#6. Pipeline vibes

Topics: Dagster, data quality, Apache Kafka, late arriving data, pipelines.

The following topics are discussed:

The Best Data Quality Investment in 2021
Verity: Data Quality as a Service
Unit Tests for SQL with dbt & Python
Building Security Conscious Data Apps
Fake It Till You Make It: A Backward Approach to Data Products

Thanks to @SimonOsipov for this topic.

Incrementally Adopting Dagster at Mapbox — Ben Pleasanton @ Dagster Blog.

We all know that Dagster may be (and maybe already is) the Next Big Thing after Airflow. But how many success stories did you read? Yes, adoption grows, but something impossible with Airflow? Well, folks from Mapbox hit the wall of complexity with Airflow, and they choose Dagster to cope with this complexity.

Understanding Kafka Topic Partitions — Dunith Dhanushka @ Event-driven Utopia.

Our editor Ksenia is a personal fan of Dunith Dhanushka articles. Many schemes, easy to read, practical use!

An optimistic approach to handle out-of-order events within analytical stream processing — JetBrains.

29 article pages about out-of-order data arrival. This topic will be burned into your mind. If no, read the references, too.

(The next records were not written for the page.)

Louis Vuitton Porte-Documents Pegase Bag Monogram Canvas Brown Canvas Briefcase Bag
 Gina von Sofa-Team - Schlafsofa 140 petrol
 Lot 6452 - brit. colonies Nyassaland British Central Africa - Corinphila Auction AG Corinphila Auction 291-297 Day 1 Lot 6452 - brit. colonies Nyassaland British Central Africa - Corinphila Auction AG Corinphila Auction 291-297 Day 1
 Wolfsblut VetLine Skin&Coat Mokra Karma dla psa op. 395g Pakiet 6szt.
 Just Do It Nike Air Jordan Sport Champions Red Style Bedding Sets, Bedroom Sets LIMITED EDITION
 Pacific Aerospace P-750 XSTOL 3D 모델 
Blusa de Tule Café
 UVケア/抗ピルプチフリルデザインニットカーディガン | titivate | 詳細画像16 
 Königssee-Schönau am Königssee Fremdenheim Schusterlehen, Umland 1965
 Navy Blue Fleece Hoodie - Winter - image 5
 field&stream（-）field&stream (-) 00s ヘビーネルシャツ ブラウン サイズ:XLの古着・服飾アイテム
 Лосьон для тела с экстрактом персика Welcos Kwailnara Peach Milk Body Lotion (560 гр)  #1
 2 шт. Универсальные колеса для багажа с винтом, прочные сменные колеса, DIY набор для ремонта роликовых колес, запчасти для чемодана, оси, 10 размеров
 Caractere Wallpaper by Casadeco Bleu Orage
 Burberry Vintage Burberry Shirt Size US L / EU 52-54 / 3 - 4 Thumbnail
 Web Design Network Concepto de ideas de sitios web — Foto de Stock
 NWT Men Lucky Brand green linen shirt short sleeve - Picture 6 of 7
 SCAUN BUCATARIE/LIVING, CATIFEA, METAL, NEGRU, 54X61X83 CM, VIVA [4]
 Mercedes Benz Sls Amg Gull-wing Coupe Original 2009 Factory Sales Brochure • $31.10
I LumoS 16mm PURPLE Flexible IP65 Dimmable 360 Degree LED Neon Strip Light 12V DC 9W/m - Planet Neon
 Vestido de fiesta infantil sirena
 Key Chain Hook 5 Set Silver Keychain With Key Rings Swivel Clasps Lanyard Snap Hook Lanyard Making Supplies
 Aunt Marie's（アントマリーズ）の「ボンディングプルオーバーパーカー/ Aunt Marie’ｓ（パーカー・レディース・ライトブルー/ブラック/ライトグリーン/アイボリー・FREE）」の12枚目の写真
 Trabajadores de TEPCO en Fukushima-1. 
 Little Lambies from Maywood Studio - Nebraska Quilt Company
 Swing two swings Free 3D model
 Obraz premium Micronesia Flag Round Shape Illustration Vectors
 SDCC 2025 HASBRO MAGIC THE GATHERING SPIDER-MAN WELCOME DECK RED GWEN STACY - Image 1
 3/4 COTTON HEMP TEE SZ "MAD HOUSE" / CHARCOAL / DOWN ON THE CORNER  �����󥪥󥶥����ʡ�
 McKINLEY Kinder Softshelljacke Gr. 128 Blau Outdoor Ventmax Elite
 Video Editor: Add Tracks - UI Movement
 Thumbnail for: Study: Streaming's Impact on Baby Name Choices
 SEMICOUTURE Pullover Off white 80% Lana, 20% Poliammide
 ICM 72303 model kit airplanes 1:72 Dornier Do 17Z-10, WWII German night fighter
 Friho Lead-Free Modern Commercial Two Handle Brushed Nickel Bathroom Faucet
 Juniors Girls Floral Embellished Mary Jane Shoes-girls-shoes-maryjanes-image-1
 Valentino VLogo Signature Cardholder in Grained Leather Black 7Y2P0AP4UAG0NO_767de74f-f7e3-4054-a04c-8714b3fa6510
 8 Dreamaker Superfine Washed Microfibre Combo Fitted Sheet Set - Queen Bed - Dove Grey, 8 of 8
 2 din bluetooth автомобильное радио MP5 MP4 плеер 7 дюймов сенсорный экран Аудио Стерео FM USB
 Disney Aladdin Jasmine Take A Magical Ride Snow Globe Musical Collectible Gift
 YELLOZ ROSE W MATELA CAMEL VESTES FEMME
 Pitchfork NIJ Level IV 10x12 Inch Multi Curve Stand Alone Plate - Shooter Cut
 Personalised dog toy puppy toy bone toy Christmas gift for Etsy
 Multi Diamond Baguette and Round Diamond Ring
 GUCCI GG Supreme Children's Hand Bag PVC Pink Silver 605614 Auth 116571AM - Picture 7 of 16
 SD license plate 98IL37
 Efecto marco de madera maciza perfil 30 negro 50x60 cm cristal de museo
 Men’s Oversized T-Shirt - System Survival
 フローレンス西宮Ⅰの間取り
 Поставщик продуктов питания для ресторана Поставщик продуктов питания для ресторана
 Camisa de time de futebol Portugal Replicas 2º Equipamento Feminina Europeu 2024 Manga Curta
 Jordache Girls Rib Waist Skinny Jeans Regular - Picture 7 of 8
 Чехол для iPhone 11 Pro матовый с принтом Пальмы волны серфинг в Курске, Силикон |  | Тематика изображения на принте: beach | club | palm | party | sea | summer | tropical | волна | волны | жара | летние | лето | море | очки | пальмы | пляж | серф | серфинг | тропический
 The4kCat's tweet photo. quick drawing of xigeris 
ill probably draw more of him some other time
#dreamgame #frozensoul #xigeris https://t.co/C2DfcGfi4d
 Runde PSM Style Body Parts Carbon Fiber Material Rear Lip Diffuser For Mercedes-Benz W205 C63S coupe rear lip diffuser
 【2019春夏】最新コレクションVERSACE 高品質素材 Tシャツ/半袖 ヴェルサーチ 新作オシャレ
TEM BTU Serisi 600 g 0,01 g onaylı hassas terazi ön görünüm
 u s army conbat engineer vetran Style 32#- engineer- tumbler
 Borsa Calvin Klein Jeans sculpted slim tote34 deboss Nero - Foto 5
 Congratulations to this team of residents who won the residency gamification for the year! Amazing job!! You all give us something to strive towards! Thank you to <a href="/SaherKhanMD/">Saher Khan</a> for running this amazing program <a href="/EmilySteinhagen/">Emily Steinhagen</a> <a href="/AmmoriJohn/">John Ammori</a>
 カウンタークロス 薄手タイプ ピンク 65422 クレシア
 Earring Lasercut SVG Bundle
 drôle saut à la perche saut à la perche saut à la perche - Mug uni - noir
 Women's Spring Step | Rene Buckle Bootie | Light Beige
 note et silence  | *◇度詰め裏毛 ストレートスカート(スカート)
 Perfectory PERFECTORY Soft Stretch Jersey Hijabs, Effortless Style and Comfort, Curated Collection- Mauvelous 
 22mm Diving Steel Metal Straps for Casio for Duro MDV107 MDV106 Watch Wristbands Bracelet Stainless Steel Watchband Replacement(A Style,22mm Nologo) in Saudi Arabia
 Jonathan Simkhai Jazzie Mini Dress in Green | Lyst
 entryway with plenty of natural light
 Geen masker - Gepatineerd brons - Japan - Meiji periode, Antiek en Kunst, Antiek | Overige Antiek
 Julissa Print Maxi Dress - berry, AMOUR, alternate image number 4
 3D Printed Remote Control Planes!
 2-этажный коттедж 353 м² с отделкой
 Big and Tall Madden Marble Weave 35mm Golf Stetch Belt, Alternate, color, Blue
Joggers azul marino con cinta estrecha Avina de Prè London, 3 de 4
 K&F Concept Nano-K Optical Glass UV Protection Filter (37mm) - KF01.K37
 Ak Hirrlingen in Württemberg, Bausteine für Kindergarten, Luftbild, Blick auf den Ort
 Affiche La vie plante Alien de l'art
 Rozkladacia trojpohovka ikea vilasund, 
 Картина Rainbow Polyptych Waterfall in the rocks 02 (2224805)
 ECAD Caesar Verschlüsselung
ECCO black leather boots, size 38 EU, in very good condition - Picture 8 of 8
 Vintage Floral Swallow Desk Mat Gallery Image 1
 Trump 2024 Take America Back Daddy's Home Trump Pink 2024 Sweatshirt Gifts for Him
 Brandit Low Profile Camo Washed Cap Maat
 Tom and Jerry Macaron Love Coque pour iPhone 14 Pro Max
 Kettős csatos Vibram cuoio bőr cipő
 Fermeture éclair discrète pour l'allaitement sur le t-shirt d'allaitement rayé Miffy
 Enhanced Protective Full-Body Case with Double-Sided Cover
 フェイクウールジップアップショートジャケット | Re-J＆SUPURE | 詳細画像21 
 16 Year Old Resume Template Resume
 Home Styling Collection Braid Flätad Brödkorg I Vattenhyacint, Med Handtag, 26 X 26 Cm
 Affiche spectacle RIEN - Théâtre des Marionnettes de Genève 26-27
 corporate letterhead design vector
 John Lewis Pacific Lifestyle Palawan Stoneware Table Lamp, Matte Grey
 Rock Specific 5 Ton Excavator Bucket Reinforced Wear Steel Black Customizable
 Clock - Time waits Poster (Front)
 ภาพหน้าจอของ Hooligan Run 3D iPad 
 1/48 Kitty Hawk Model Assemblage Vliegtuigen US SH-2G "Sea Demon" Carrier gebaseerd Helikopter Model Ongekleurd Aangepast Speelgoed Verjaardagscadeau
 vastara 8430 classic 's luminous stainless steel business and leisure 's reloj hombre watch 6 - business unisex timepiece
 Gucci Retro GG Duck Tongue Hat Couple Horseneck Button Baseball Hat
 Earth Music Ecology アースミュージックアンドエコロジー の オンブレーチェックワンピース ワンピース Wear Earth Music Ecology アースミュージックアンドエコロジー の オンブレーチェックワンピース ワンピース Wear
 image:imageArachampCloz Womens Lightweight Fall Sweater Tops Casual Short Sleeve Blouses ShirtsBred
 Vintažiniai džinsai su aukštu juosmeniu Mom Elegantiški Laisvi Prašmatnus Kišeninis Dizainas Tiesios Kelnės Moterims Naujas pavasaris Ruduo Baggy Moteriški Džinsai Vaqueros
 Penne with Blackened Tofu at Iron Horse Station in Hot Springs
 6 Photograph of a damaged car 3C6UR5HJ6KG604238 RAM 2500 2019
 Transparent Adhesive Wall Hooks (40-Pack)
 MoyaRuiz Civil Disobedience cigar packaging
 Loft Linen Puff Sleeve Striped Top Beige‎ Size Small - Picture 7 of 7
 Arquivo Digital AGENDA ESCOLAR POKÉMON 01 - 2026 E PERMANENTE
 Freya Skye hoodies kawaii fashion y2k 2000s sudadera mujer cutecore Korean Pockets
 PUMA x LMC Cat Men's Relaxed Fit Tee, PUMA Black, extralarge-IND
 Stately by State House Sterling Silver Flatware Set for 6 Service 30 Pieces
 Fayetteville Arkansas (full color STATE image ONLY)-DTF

Data Fusion: A Code-Free Pipeline for Your Google Cloud Data Warehouse — Guillaume Dupont @ Towards Data Science.

Everybody loves to get results without writing a code. The most popular solution for building pipelines without code is Apache NiFi. But what if one can build the whole warehouse with all processes inside without code? Looks like Google Data Fusion may be used for it!

Written on July 2, 2021